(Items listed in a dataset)
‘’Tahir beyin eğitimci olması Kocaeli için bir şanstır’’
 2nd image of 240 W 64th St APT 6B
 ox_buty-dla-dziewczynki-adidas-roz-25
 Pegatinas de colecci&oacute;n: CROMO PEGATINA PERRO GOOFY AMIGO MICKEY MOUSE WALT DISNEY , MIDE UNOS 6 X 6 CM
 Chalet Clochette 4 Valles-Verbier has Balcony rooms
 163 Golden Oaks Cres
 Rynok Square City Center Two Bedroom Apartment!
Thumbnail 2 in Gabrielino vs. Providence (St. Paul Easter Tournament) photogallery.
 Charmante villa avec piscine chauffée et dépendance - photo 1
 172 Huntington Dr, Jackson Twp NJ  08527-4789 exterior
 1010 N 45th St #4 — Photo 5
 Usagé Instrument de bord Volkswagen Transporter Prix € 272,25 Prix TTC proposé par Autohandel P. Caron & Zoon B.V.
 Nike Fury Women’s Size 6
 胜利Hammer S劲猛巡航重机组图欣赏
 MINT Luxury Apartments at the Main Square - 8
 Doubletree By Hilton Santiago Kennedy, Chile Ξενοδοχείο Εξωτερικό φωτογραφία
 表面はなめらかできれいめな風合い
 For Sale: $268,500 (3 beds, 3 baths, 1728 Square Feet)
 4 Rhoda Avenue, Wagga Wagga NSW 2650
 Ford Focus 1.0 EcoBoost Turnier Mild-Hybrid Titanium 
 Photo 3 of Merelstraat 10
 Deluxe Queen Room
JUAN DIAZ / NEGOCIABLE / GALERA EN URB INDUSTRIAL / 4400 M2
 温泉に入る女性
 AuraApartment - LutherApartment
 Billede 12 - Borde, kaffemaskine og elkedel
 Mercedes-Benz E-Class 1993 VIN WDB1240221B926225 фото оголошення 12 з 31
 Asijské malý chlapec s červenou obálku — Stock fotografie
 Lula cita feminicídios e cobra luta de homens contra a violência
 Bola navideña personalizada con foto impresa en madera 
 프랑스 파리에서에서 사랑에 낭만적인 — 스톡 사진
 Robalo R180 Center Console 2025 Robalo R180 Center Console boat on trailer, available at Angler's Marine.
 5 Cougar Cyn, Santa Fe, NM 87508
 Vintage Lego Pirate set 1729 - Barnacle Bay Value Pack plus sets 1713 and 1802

_Activity:_
Send back the lines of the records word for word, from the very first through the line containing "表面はなめらかできれいめな風合い".

_Problem solution:_
‘’Tahir beyin eğitimci olması Kocaeli için bir şanstır’’
 2nd image of 240 W 64th St APT 6B
 ox_buty-dla-dziewczynki-adidas-roz-25
 Pegatinas de colecci&oacute;n: CROMO PEGATINA PERRO GOOFY AMIGO MICKEY MOUSE WALT DISNEY , MIDE UNOS 6 X 6 CM
 Chalet Clochette 4 Valles-Verbier has Balcony rooms
 163 Golden Oaks Cres
 Rynok Square City Center Two Bedroom Apartment!
Thumbnail 2 in Gabrielino vs. Providence (St. Paul Easter Tournament) photogallery.
 Charmante villa avec piscine chauffée et dépendance - photo 1
 172 Huntington Dr, Jackson Twp NJ  08527-4789 exterior
 1010 N 45th St #4 — Photo 5
 Usagé Instrument de bord Volkswagen Transporter Prix € 272,25 Prix TTC proposé par Autohandel P. Caron & Zoon B.V.
 Nike Fury Women’s Size 6
 胜利Hammer S劲猛巡航重机组图欣赏
 MINT Luxury Apartments at the Main Square - 8
 Doubletree By Hilton Santiago Kennedy, Chile Ξενοδοχείο Εξωτερικό φωτογραφία
 表面はなめらかできれいめな風合い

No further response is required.